▶ Problem requirements
Starting with the line that contains "280mm K5(E) Leopold German Railroad Gun 1/35", copy every remaining line of the data below exactly, the last one included.
-- Records follows --
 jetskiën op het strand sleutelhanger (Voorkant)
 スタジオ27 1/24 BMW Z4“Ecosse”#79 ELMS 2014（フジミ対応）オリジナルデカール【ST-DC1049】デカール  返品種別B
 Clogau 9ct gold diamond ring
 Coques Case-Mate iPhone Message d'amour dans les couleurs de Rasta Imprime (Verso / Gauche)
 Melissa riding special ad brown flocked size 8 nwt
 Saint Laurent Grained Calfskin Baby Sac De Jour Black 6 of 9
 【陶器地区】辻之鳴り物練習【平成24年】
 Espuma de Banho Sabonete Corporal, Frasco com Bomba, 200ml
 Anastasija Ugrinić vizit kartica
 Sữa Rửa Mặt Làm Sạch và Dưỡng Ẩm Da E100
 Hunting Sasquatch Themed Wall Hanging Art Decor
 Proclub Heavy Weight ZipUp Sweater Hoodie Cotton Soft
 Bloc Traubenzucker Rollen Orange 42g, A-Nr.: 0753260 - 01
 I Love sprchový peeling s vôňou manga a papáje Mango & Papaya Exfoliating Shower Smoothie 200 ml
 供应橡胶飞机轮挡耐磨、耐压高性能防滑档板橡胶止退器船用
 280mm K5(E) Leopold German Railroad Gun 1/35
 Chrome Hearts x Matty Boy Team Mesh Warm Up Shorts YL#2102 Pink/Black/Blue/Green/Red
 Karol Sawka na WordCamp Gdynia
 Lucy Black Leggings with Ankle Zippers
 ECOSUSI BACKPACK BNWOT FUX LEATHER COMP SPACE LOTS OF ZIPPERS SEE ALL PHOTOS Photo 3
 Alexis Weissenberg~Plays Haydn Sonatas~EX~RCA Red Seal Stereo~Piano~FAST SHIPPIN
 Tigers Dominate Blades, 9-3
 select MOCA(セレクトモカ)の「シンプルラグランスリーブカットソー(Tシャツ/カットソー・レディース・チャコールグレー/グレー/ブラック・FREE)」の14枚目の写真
-- Records concluded --
▶ The answer
 280mm K5(E) Leopold German Railroad Gun 1/35
 Chrome Hearts x Matty Boy Team Mesh Warm Up Shorts YL#2102 Pink/Black/Blue/Green/Red
 Karol Sawka na WordCamp Gdynia
 Lucy Black Leggings with Ankle Zippers
 ECOSUSI BACKPACK BNWOT FUX LEATHER COMP SPACE LOTS OF ZIPPERS SEE ALL PHOTOS Photo 3
 Alexis Weissenberg~Plays Haydn Sonatas~EX~RCA Red Seal Stereo~Piano~FAST SHIPPIN
 Tigers Dominate Blades, 9-3
 select MOCA(セレクトモカ)の「シンプルラグランスリーブカットソー(Tシャツ/カットソー・レディース・チャコールグレー/グレー/ブラック・FREE)」の14枚目の写真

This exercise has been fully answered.